In the records below, find the line containing "Long blonde wig with dark highlights." and the line containing "5827 Nicholas Circle". Give again exactly those lines and every line between them, omitting the pictures.

--- Raw data ---
==================================================

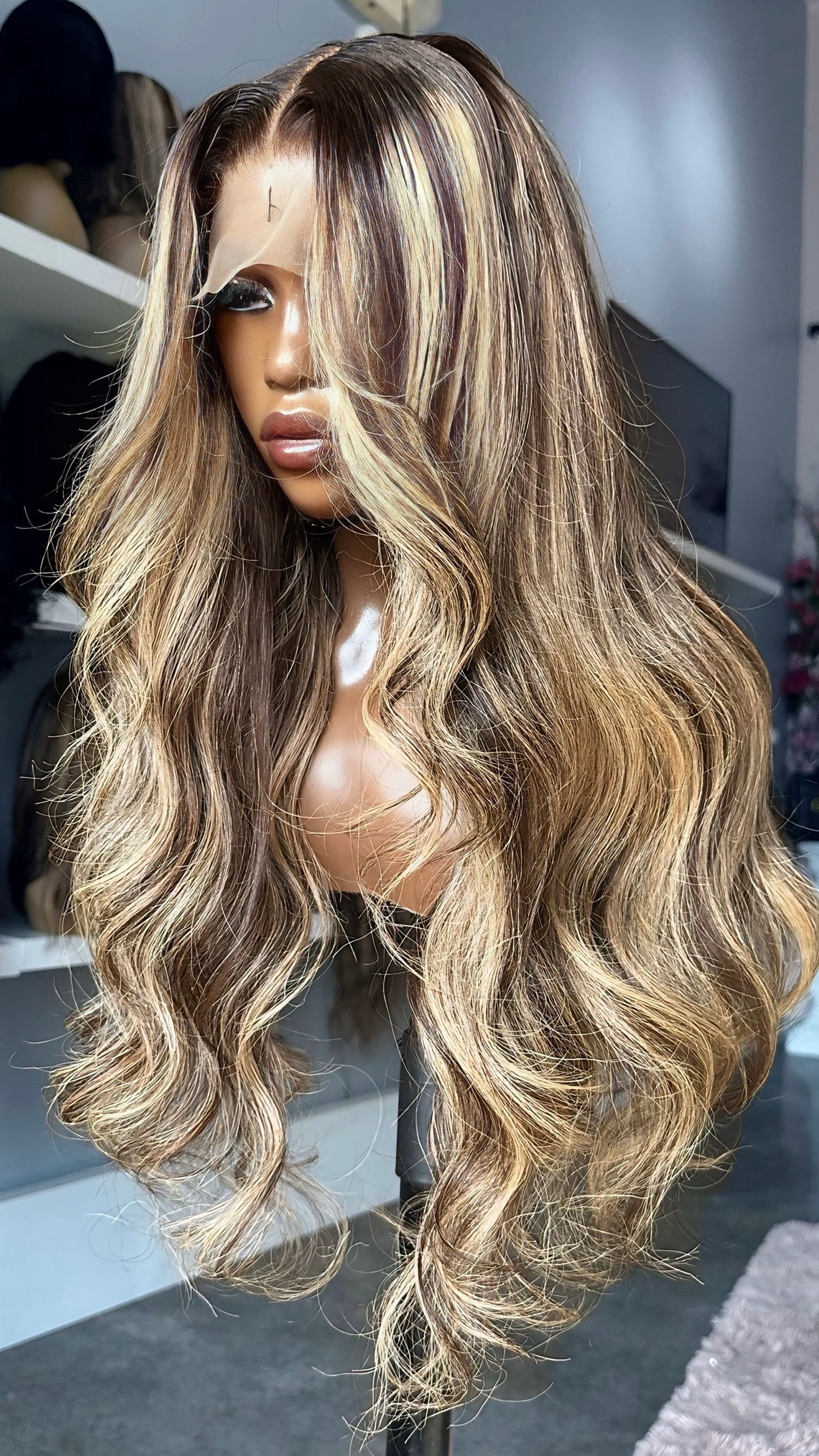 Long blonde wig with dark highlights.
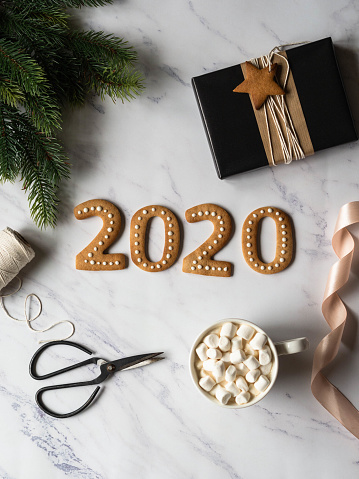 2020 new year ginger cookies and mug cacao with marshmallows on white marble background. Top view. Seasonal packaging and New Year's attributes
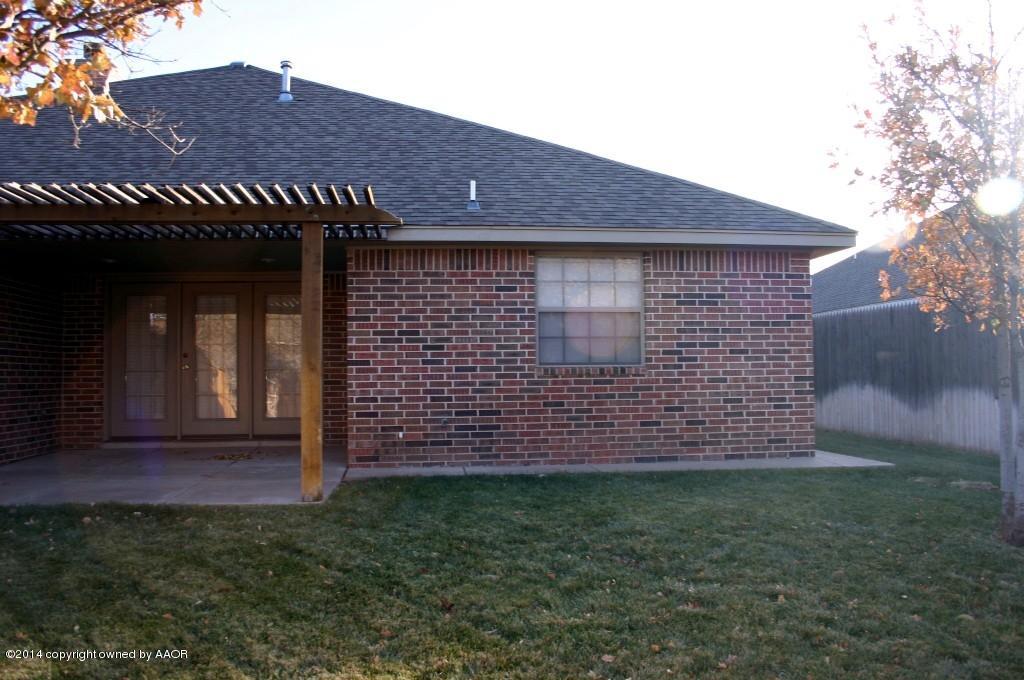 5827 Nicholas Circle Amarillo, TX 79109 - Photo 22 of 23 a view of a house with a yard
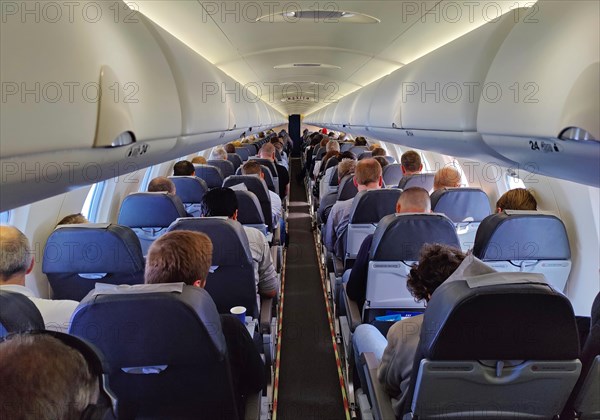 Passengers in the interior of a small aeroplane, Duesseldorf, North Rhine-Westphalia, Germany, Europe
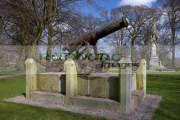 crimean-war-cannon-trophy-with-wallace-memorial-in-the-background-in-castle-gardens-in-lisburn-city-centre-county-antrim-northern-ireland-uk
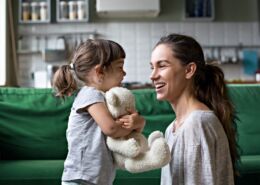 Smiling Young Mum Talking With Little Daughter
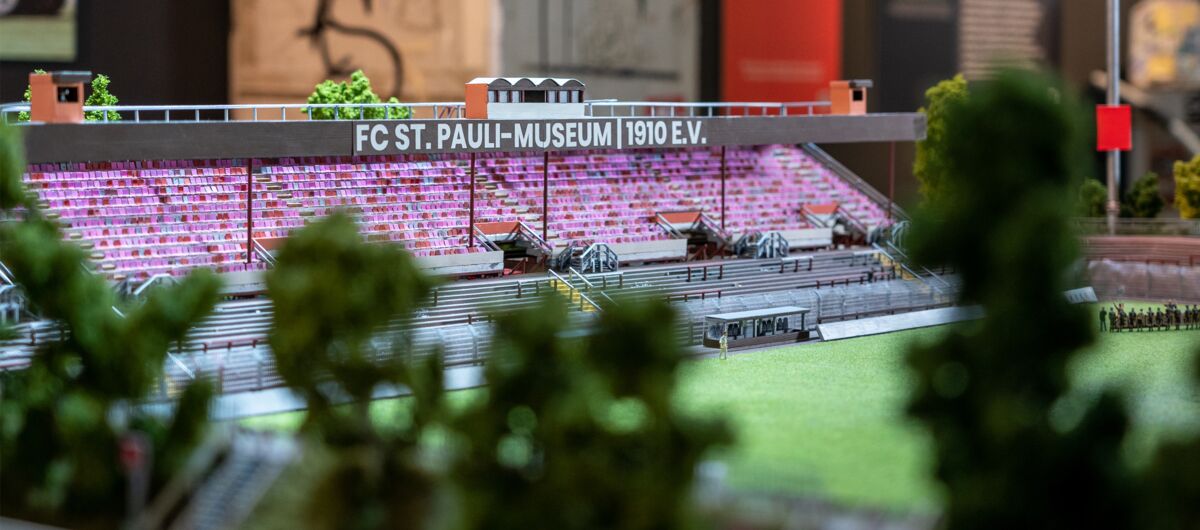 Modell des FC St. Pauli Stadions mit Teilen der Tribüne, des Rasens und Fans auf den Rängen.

==================================================

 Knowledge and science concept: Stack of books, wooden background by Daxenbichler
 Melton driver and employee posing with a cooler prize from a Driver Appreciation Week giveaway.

==================================================

--- The answer ---
 Long blonde wig with dark highlights.
 2020 new year ginger cookies and mug cacao with marshmallows on white marble background. Top view. Seasonal packaging and New Year's attributes
 5827 Nicholas Circle Amarillo, TX 79109 - Photo 22 of 23 a view of a house with a yard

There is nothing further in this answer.